Weather and Road Conditions

Florida may be the Sunshine State, but it does have some diverse weather. It's also the thunderstorm capital of the U.S. with a known "lightning belt," and most weather-related deaths in the state are caused by lightning. Florida's natural disasters seem to be in the news regularly, ranging from tropical storms and tropical depressions to hurricanes, tornadoes, wildfires, and floods which regularly affect residents and visitors. Florida is not far from the currents of the Atlantic Ocean and the Gulf of Mexico, and the climate is mainly affected by latitude and numerous inland lakes.

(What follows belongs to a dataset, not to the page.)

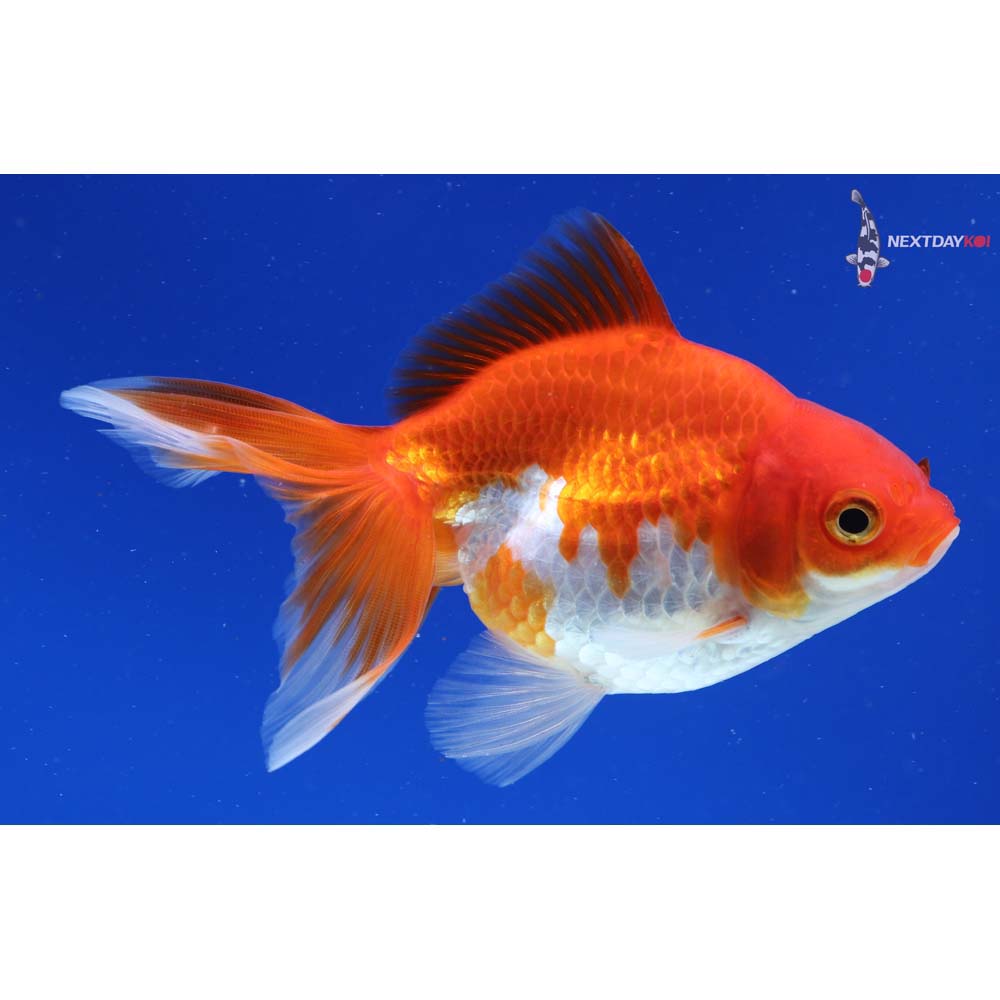 4” Imported Red and White Ryukin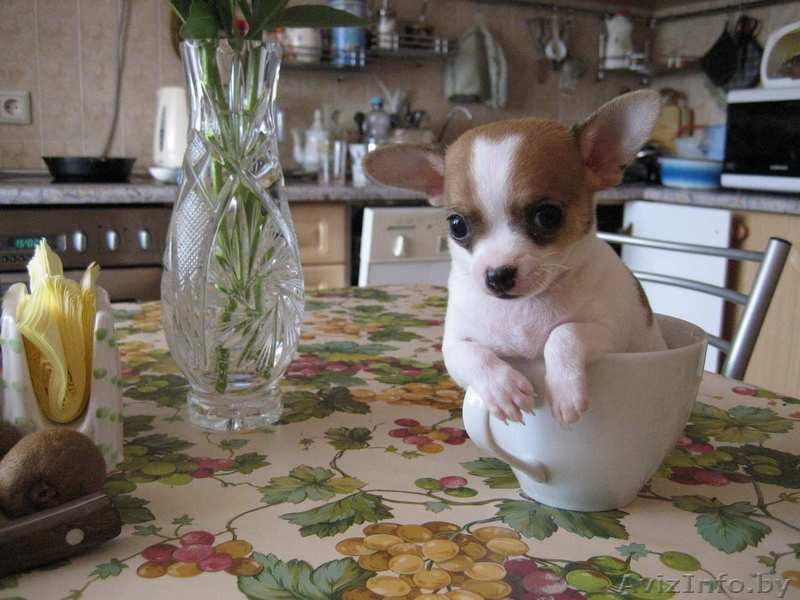 продам щека чихуахуа - Изображение #2, Объявление #297736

Despite weather variances and natural disasters, there are plenty of resources to make your trip go smoothly, like the Florida Highway Patrol, which promotes safety on highways through enforcement and education. Dial 511 to get the scoop on traffic anywhere in Florida, or check online for current traffic conditions and detours, and to view everything from weather and road closure alerts to traffic cameras and creating personalized traffic profiles. You can set up mobile apps and text alerts to get up-to-date information. To keep an eye on the climate, try the Weather on Wheels smartphone app; you'll have access to forecasts along your entire road trip route. 

Parking in Florida

Always park on the right side of the road, unless it is a one-way street, and do not park more than a foot away from the curb. In Florida, you are not allowed to park on the roadway side of another parked vehicle (double parking), on crosswalks, sidewalks, in front of driveways, by curbs painted yellow or where "No Parking" signs are posted, within intersections, or in various other locations. State law requires that you remove your keys from your vehicle before leaving it.

Renting a Car

To rent a car in Florida, you will need a driver's license, passport, and a credit card, along with a driver who's at least 21. Some agencies will charge more for drivers under 25 years old. Though there is likely a fee, you can usually pick up your car in one place and drop it off in another, if renting from a major company. Ask if your rental car company has the TOLL-BY-PLATE electronic collection system if you would like tolls and other service fees to be automatically charged to the credit card on file.